Open mrgloom opened 9 years ago

mrgloom commented 9 years ago

If anyone intersted there is an example of using linear svm + hog descriptor in opencv, but opencv uses libsvm and using liblinear will be faster.

https://github.com/Itseez/opencv/blob/ddf82d0b154873510802ef75c53e628cd7b2cb13/samples/cpp/train_HOG.cpp

https://www.csie.ntu.edu.tw/~cjlin/liblinear/

ghost commented 9 years ago

Have you succeeded training your classifier accordingly ? If so, what data and pos/neg ratio did you used ? Thank you

mrgloom commented 9 years ago

My work in progress.

I think ratio between pos and neg should be 1:1 if you don't use SVM with weights.

Look here for example: http://scikit-learn.org/stable/auto_examples/svm/plot_separating_hyperplane_unbalanced.html

But then you should perform several iterations of "hard negative mining" to get hard negatives and then you should add (maybe with replacement?) these examples to your training set and retrain classifier.

if you like python you can try this: https://github.com/bikz05/object-detector

ghost commented 9 years ago

1) Indeed, in Dalal & Triggs 2005 paper, they call them "Hard Examples":

"For each detector and parameter combination a preliminary detector is trained and the 1218 negative training photos are searched exhaustively for false positives (‘hard examples’). The method is then re-trained using this augmented set (initial 12180 + hard examples) to produce the final detector. The set of hard examples is subsampled if necessary, so that the descriptors of the final training set fit into 1.7 Gb of RAM for SVM training." page 2, Datasets & Methodology.

So there is no replacement, we have to keep the original 12180 negatives.

However, I am curious about what they are implying by "parameter combination", do we need to change the training parameters regarding the output of one training iteration ?

2) By the way, I have used this opencv sample, and the detection works quite well but with a LOT of false positives...(Must try these hard examples!). Since the weights is computed here using 96 by 160 windows, we are detecting pedestrians with a 7524 sized buffer (compared to the traditional 3780). In the "Negatives Windows" section in [1], we must sort of use only the centered data (without the 16 pixels margins), therefore I think we should try to shrink the 7524 output weights in order to get just the ones matching the 64*128 window. Do you agree ?

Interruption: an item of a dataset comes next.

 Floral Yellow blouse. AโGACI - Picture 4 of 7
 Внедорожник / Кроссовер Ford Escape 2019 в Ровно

[1] http://pascal.inrialpes.fr/data/human/

Cheers,

mrgloom commented 9 years ago

I think they just mean crossvalidation over parameters http://scikit-learn.org/stable/modules/grid_search.html

Also as I'm understand if we will use more negative data we will have unbalanced dataset and our confusion matrix will be skewed, anyway we can just copy original positives(this called oversampling) only limitation here is processing time and memory consumption or randomly subsample from negative data(this called undersampling) but in this case we loose some of negative data , I don't know if this is important.

ghost commented 9 years ago

Yeah, memory is kind of a concern ...

Any idea about 2) ?

mrgloom commented 9 years ago

I don't understand your question. What is 7524 sized buffer ? HOG feature vector size? Do you mean that 64*128 window produce feature vector of size 3780 and 96x160 feature vector of size 7524?

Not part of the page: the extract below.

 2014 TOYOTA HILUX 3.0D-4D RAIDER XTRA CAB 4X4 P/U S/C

About false positives: you can try to vary SVM threshold(in OpenCV you can use returnDFVal flag to get distance to hyperplane returnDFVal – Specifies a type of the return value. If true and the problem is 2-class classification then the method returns the decision function value that is signed distance to the margin, else the function returns a class label (classification) or estimated function value (regression).) it give you tradeoff between number of false positives/false negatives, etc.

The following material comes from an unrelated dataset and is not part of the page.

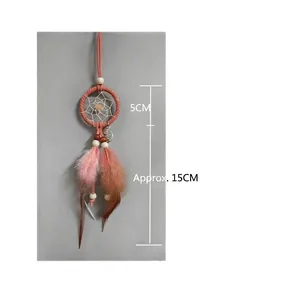 Atrapasueños rosa hecho a mano con plumas degradadas y cuentas de madera decorativo.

Also try to plot ROC curve to get understanding if it works in similar way as in original paper. https://en.wikipedia.org/wiki/Receiver_operating_characteristic

ghost commented 9 years ago

Yeah, that's what I meant by 7524 sized buffer. IMHO, cropping it is mathematically correct, but I am wondering whether it assures the correctness of the classification or not, since the bias has been generated using 96 by 160 training windows.

ROC plot is a great idea.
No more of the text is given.